Here are a couple of new shots showing my work the last day or two opening up the forward and rear torpedo tube doors. For the rear doors I drilled an opening then finished opening it up with a round hobby file. The forward doors I drilled a starter hole and cut the rest of the door out using polyester thread, the thread broke several times but cut through the plastic very well. The openings were cleaned up with a combination of flat, square and triangular files to a width of .135. 

http://img194.imageshack.us/img194/6200/puff45ln.jpg
http://img236.imageshack.us/img236/9775/puff39xl.jpg


----------



## Robert Hargrave (Dec 4, 2003)

Being as we modelers have a little artistic licensee to play around with our projects I thought I'd add a small spot of interest to the Puffers forward torpedo area. After cutting out the openings for the outer torpedo tube doors, I used a small strip of styrene and made 3 .125 round openings in the strip. Then I drilled out the end of a .125 piece of styrene rod to form a torpedo tube and cemented it in place. Next I rounded off a small piece of .080 styrene rod to form the head of a torpedo, inserted it into the end of the tube so when this is completed someone looking at the boat will see 2 of the forward torpedo tube doors open, with 2 torpedoes ready to be launched. I'm sure the tube ends did not look like this but I lack any photos or drawings of this area so I'm going with this idea.
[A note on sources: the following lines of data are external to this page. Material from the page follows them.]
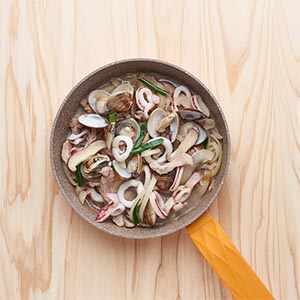 將豬肉以及中卷、香菇炒過後,再將洋蔥絲炒香後加入蛤蠣。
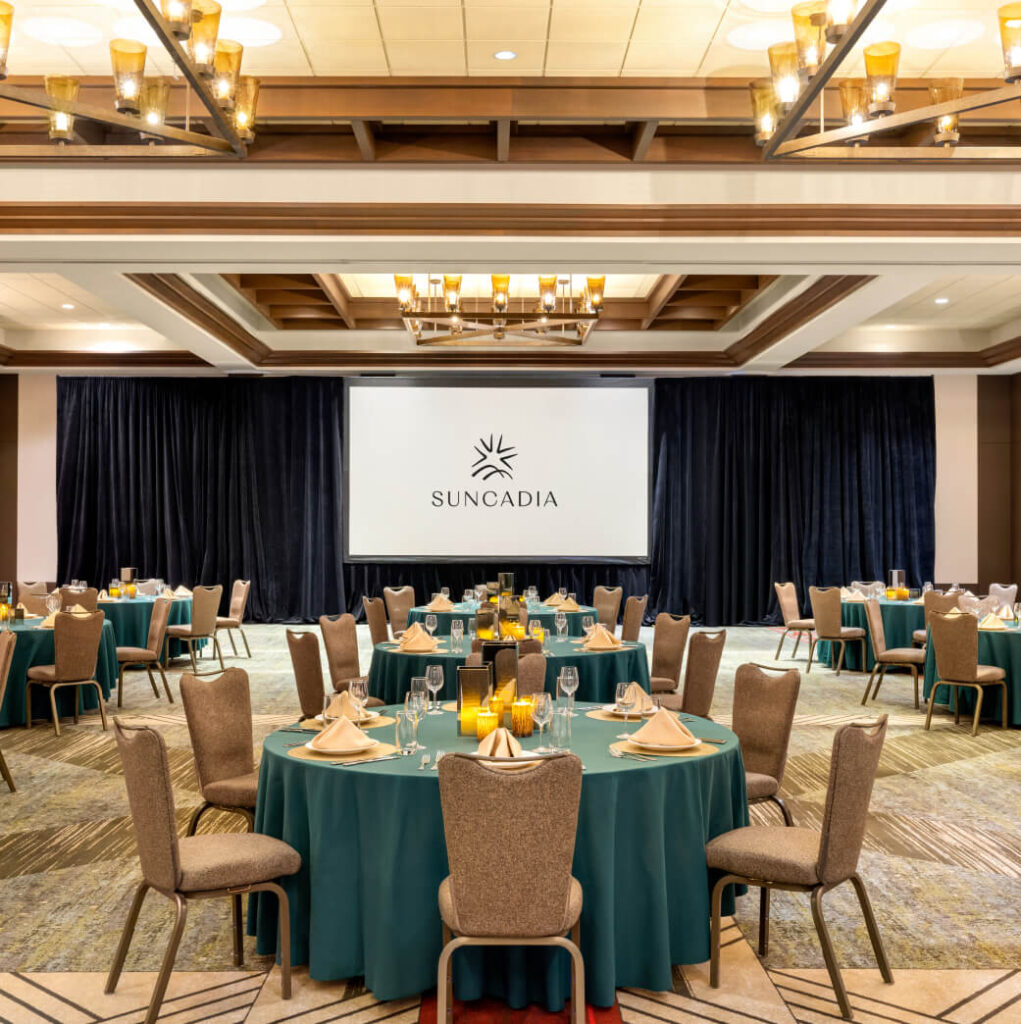 A conference room set up with round tables covered in teal tablecloths. Each table has place settings and decorative candles. A large screen at the front displays the Suncadia logo.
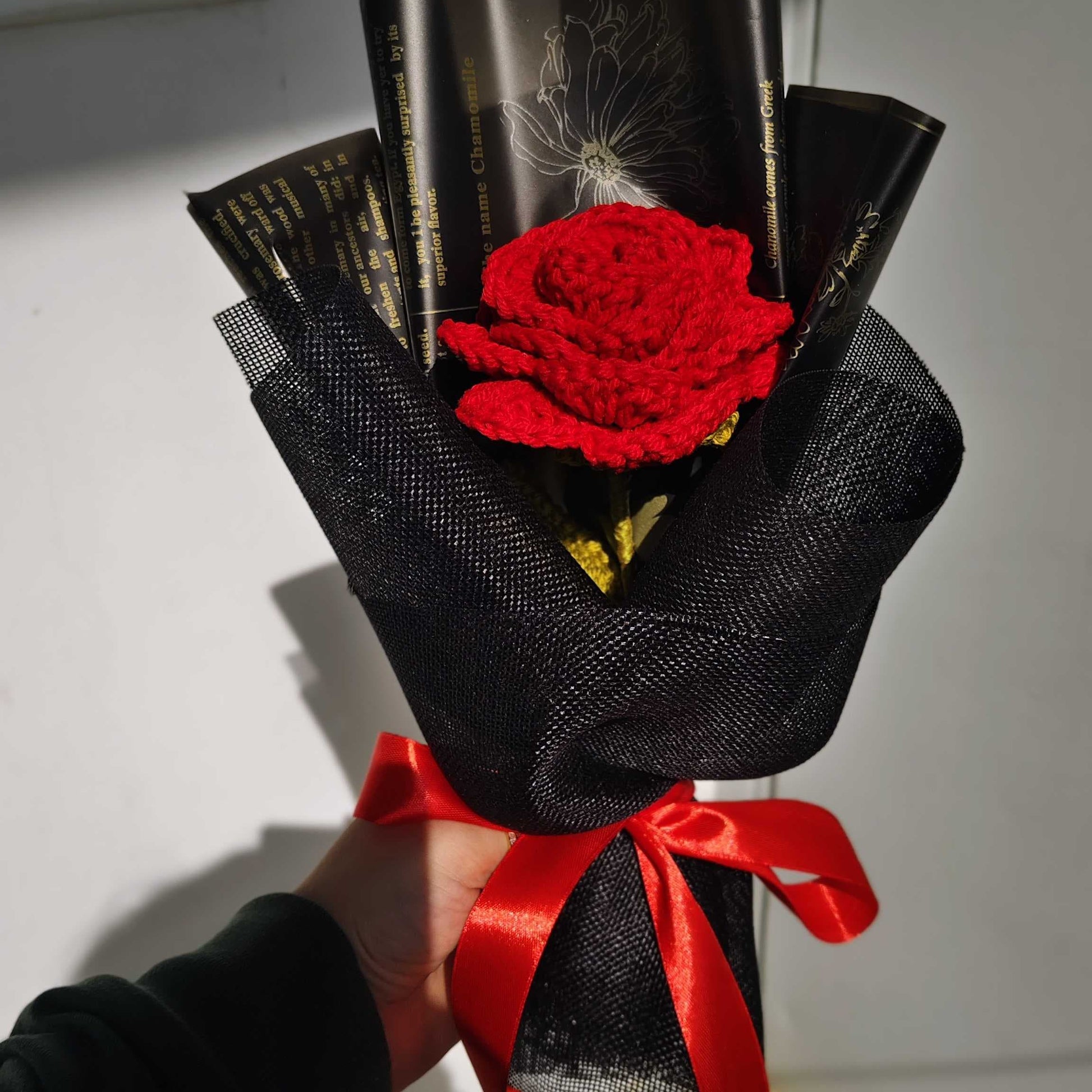 Bouquet with a red rose wrapped in black paper and tied with a red ribbon, held by a person.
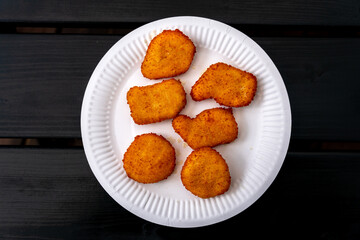 A white plate with a meat dish on a black wooden table. Nuggets on a white disposable plate. Eco-friendly paper tableware. Lunch outside during a picnic.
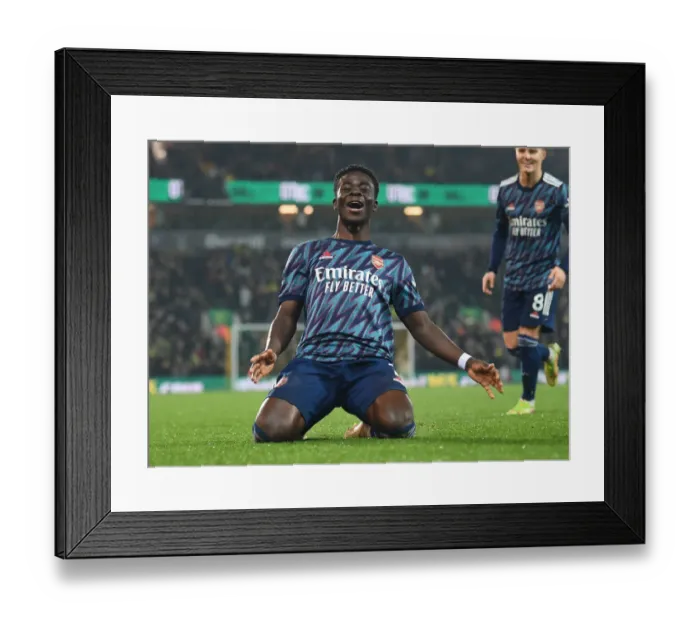 Framed Print : Saka Scores Double: Arsenal's Triumph Over Norwich City in Premier League Framed Print : Saka Scores Double: Arsenal's Triumph Over Norwich City in Premier League
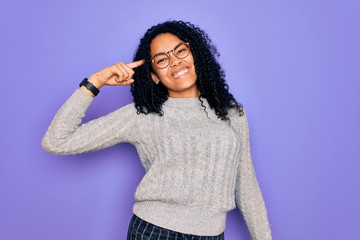 Young african american woman wearing casual sweater and glasses over purple background Smiling pointing to head with one finger, great idea or thought, good memory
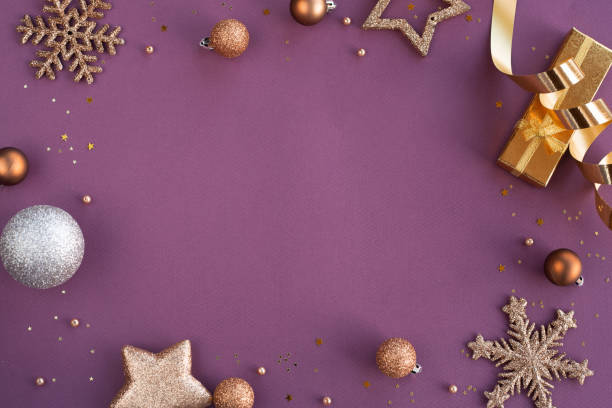 istock Christmas frame of golden ornaments 1186933456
http://img209.imageshack.us/img209/9923/puff63gt.jpg


----------



## rokket2001 (Nov 6, 2005)

Nice touch, well worth the effort I think!


----------



## Robert Hargrave (Dec 4, 2003)

rokket2001 said:


> Nice touch, well worth the effort I think!


Thanks I think when all the finishing touches are add here it will be a really good looking point of interest. Last night I install deck planks to the forward gun deck of the sail, I used .010 x .040 styrene strips to make the planks. I cut and installed the center plank first leaving plenty of overhang, as this is cut away and sanded to match the shape of the gun deck later. Then using slow setting ACC I laid the next piece in place and using the edge of a piece of .022 brass wire I ran the wire between the two planks to get an equal spacing between them. The photo doesn't show the work so go, I even tried changing the contrast to make the planks stand out better.

http://img210.imageshack.us/my.php?image=puff70bp.jpg


----------



## rokket2001 (Nov 6, 2005)

the last pic doesn't open (maybe you moved the contrast too much! LOL).


----------



## Robert Hargrave (Dec 4, 2003)

It opens just fine for me, but in case I mucked it up here is another photo

http://img484.imageshack.us/img484/6818/puffer3uo.jpg


----------